● **Task description**
In this exercise, print only the lines of the records below from the one with "Rule number four: always" through the one with "You're not going", inclusive. Pictures are not part of the copy.
Record excerpts Block Start
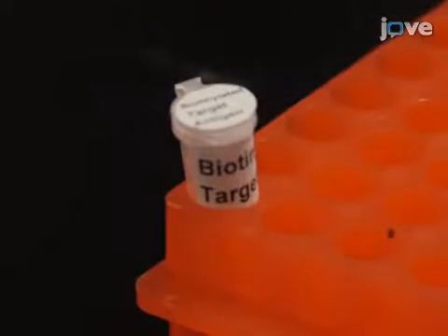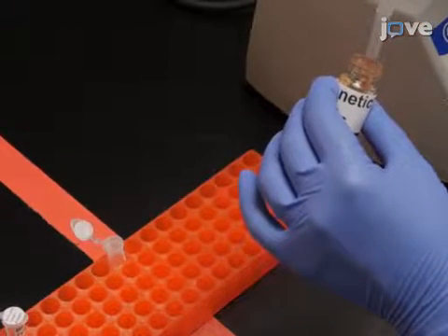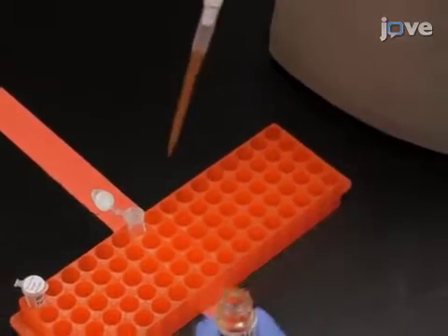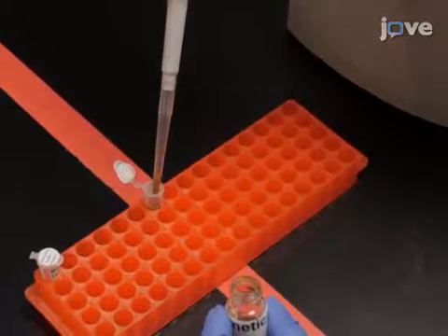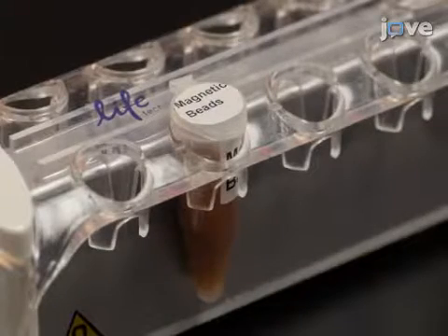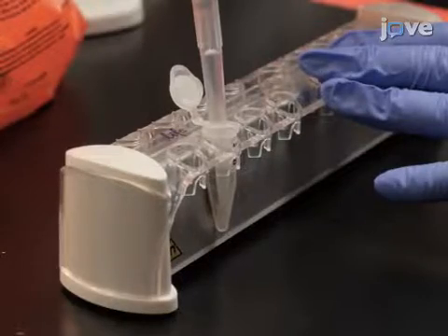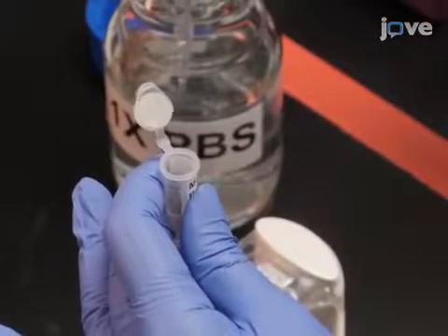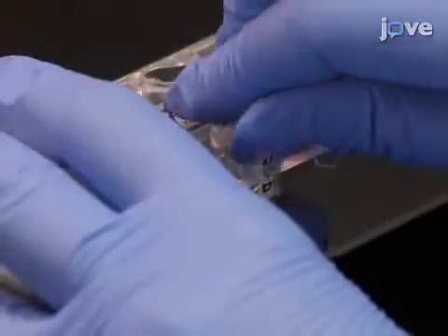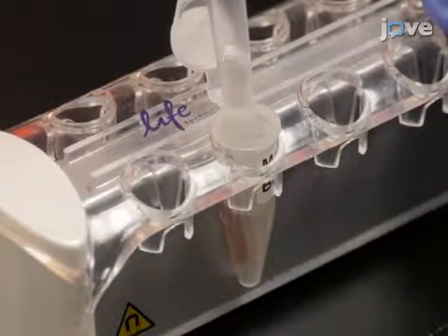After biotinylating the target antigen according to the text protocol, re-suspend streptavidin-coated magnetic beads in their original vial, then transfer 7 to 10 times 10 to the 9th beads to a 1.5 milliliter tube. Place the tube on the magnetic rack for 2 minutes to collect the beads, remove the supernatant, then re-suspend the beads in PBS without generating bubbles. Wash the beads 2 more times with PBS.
Record excerpts Block End
Record excerpts Block Start
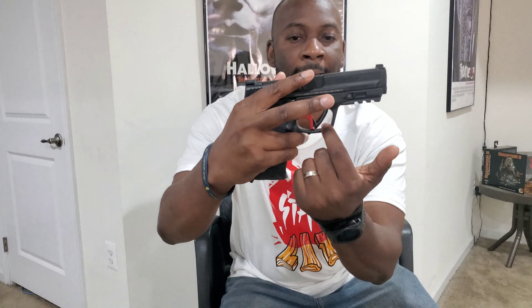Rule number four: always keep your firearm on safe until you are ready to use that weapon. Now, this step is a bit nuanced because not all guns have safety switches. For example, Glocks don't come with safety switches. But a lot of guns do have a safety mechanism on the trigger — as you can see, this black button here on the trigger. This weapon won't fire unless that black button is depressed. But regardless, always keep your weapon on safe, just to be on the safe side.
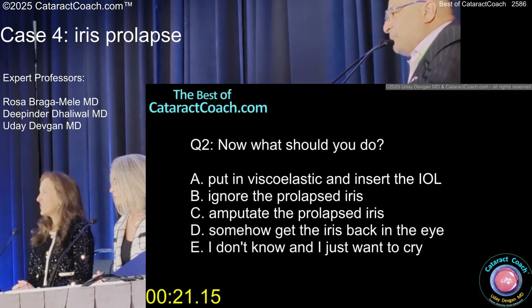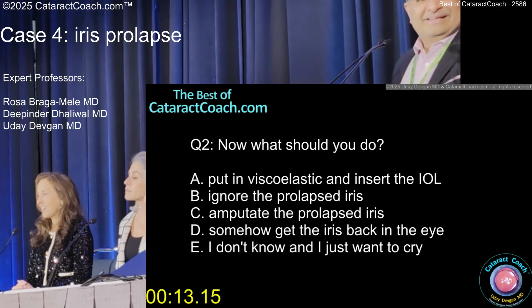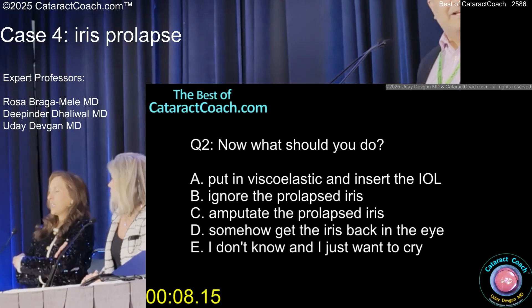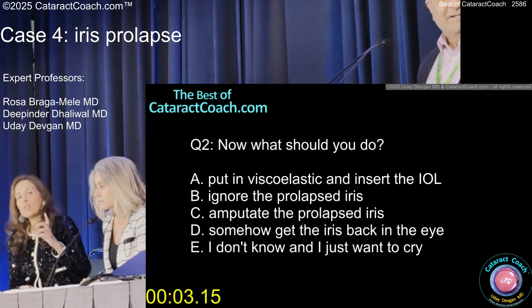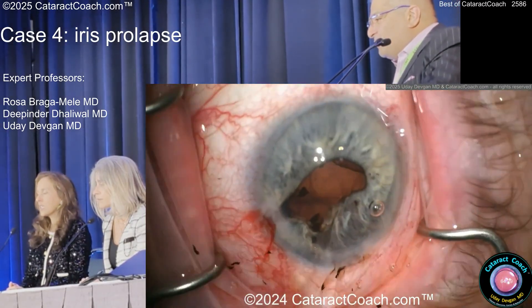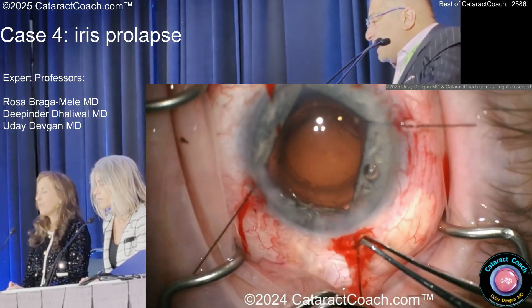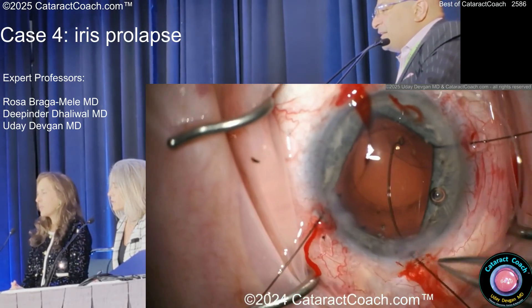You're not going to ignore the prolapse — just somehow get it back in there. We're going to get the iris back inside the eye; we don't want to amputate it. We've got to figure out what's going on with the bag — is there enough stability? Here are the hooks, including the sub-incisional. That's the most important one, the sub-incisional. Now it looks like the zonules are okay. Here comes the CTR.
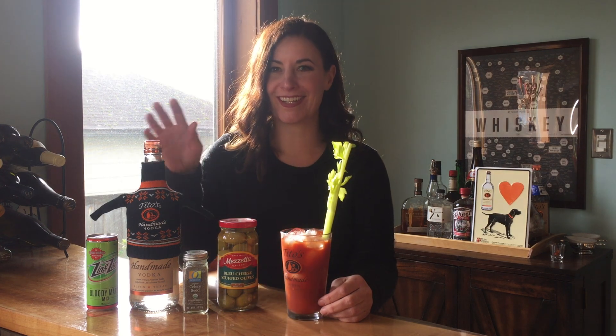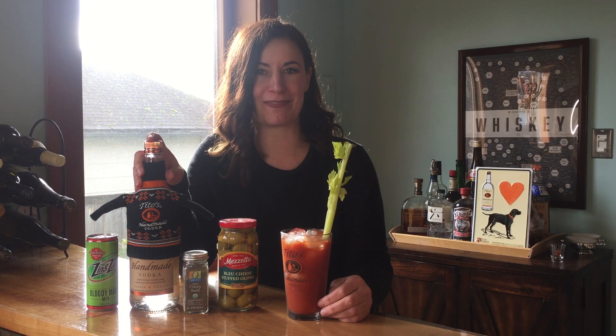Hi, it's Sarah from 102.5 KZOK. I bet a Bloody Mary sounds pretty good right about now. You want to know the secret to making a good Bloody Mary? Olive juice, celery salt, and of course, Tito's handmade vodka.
Record excerpts Block End
Record excerpts Block Start
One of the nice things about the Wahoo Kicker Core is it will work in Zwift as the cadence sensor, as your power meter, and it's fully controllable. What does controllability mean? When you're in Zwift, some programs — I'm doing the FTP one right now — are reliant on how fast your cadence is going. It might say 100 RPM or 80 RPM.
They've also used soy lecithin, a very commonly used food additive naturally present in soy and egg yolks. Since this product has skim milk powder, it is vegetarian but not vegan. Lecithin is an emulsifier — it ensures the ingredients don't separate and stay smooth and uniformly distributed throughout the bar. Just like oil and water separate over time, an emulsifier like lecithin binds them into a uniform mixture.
Record excerpts Block End
● **Reply to the exercise**
Rule number four: always keep your firearm on safe until you are ready to use that weapon. Now, this step is a bit nuanced because not all guns have safety switches. For example, Glocks don't come with safety switches. But a lot of guns do have a safety mechanism on the trigger — as you can see, this black button here on the trigger. This weapon won't fire unless that black button is depressed. But regardless, always keep your weapon on safe, just to be on the safe side.
You're not going to ignore the prolapse — just somehow get it back in there. We're going to get the iris back inside the eye; we don't want to amputate it. We've got to figure out what's going on with the bag — is there enough stability? Here are the hooks, including the sub-incisional. That's the most important one, the sub-incisional. Now it looks like the zonules are okay. Here comes the CTR.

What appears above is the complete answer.